On Bell Lets Talk Day, it is very important to be mindful of our mental health and how we can take small steps to self-improve. We spoke with Jen Kong, one of our partner wellness instructors, to get her take on connecting the mind and body and improve our mental wellbeing through exercise.

How do we connect the mind and body through exercise?

When we’re following the movement, we’re using the mind to move your body parts into the choreographed movement or exercise, and we can deepen that connection by playing with bringing your focus, energy, and attention to moving differently. For example, if we’re doing a squat- how are you moving? Are you copying the instructor? Are you engaging your legs? Can you engage more glutes? And you can completely alter the experience of the workout AND your results by becoming using your intentions on purpose. That’s on a physical level.

We can now also bring that mindfulness to notice where your thoughts are as you work out. Are you thinking about dinner? About how you should be doing work instead? Or about how you should be able to do more, push harder or push less? Are you able to stay present in your body? Is that inner critic voice here, judging how you’re moving and putting expectations on your performance? The way we do anything is the way we do everything, so just noticing where your thoughts are can bring more mindfulness not just during your workout but also in your day to day, going to work, playing with the kids/pets, driving; everything. I think a great place to start is during your movement practice. And I use that word on purpose, it’s a practice. Sometimes it can feel like learning a new language, that of your body.

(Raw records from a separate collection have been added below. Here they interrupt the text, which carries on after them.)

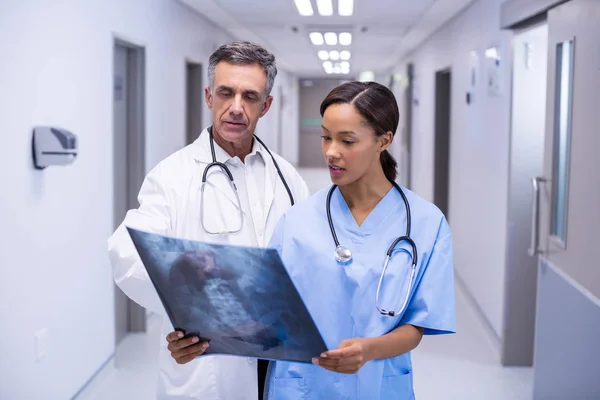 Doctors examining x-ray in corridor — Stock Photo, Image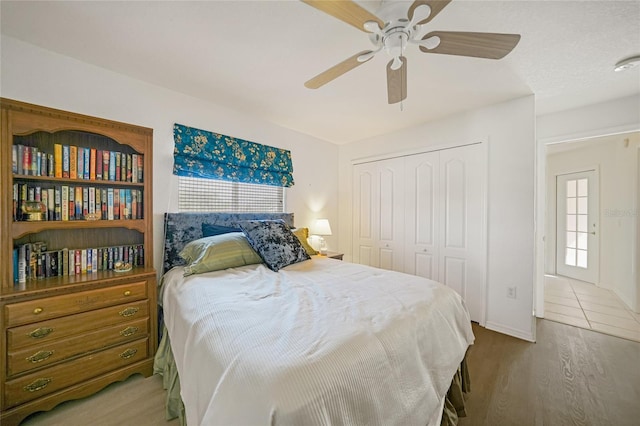 bedroom featuring a closet, ceiling fan, and wood finished floors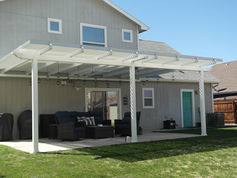white louvered pergola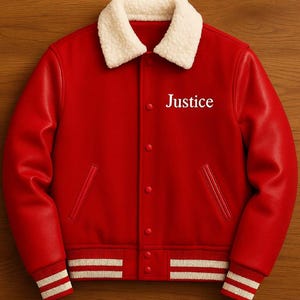 Pode incluir: Casaco universitário vermelho com gola de sherpa branca e punhos listrados brancos. A palavra "Justice" é impressa em branco no peito. O casaco tem fecho de botões e dois bolsos frontais.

Why is physical exercise so important to mental health?  How can exercise help with mental health struggles?

 Our bodies are made to move. When we don’t move, we can remain too stagnant. Emotions are energy in motion. So we literally need to move our feelings around if we don’t want to feel tension or pain in our bodies. Start with something you love or used to love doing before life got too busy or circumstances changed. Start with something that feels doable on a consistent basis. Start with something that feels comfortable to YOU. Only you know what’s good for you. So even if your friend has had an amazing experience and great results doing some type of class, do what feels right to you. Plus, there’s a bazillion benefits to moving for health in general. But none of which can be understood. You have to EXPERIENCE it. Sometimes you may have to start with body- just start moving and then comes the motivation or inspiration. Sometimes you may start with mind- you know yourself best, so “trick” yourself into doing it for a reward. I believe that once you remember how moving can feel good and how good your body can feel, you will naturally want to move.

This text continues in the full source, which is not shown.